Modelling at the Centre of Policy Studies (CoPS) indicates that job losses in the Basin attributed to fully implemented buybacks are relatively few. Indeed, the same model predicted that, in the Basin, the long-term economic impact of the 2006-2008 drought would be several times greater than the impact of buybacks, due to several years of lost investment.

The Water Act 2007 included funding for infrastructure upgrades of more than half a million dollars per irrigator. Infrastructure upgrades provide extra water to both farmers and the river system. The state governments of New South Wales and Victoria favour these ahead of buybacks. The Victorian Government has even suggested that the current buyback target of 2750 GL should be reduced.

What’s wrong with infrastructure upgrades? To an extent, they are helpful. During the recent drought, images of precious water evaporating from open channels evoked the struggle faced by farms in the Murray Darling Basin. Channelling the water from river to farm more efficiently has obvious attractions, and it is good for economic activity in the Basin.

But, like any investment, the cost needs to be weighed up against the returns. In years of average rainfall, excessive investment in improving the infrastructure is simply not worth it. Throw in a few droughts and the returns are greater, but they are still not enough to justify the cost to any private investor. Infrastructure upgrades cost around five times as much per litre of water as buybacks. But while the Commonwealth foots the bill, governments in the upstream states continue to favour infrastructure upgrades.

If we are investing Commonwealth funds in a region, what should they be spent on? Saving water and saving jobs are both admirable objectives, but could we be smarter about how we achieve them?
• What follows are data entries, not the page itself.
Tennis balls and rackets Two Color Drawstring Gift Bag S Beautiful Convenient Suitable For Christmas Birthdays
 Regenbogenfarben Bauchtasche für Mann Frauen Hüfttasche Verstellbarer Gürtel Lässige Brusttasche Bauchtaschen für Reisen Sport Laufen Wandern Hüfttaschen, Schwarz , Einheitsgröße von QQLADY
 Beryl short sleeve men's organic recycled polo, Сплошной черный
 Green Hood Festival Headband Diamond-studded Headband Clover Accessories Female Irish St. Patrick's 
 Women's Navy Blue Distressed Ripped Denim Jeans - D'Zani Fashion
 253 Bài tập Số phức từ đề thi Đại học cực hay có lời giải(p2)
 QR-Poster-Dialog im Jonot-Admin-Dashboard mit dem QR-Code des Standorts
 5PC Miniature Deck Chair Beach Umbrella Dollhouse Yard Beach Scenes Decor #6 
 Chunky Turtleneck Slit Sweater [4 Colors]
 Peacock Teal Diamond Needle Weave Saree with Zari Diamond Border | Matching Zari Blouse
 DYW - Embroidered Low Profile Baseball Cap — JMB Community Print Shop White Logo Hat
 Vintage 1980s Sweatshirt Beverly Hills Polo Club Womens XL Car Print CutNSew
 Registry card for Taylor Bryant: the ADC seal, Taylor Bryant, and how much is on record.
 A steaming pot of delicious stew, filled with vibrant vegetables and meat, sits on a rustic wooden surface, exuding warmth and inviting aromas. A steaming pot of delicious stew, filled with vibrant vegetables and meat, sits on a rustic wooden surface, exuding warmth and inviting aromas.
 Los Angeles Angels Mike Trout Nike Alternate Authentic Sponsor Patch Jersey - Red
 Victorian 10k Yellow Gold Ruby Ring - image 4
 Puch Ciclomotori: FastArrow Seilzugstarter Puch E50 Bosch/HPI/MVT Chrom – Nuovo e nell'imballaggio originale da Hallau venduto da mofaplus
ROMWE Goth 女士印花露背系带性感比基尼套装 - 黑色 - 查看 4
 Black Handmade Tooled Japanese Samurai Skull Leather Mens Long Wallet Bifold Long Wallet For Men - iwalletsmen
There appears to be broad acceptance in the community of the need to sink substantial funds into returning water to the Murray Darling river system. New modelling at CoPS shows that the funds required to create one new job in the Basin from infrastructure upgrades could be used to create three to four jobs if invested in essential services in the Basin instead. To understand why this is so, we examined census employment data for the Basin. Three quarters of all jobs in the Basin are in services; just 18 per cent are in farming, other primary industries or food processing.

Hospitals, schools, TAFEs and aged care facilities in the larger regional centres and small towns of the Basin may be hanging on by a thread. Regional policy should concentrate on maintaining funding where it is the most efficient provider of jobs. This is in services rather than infrastructure upgrades.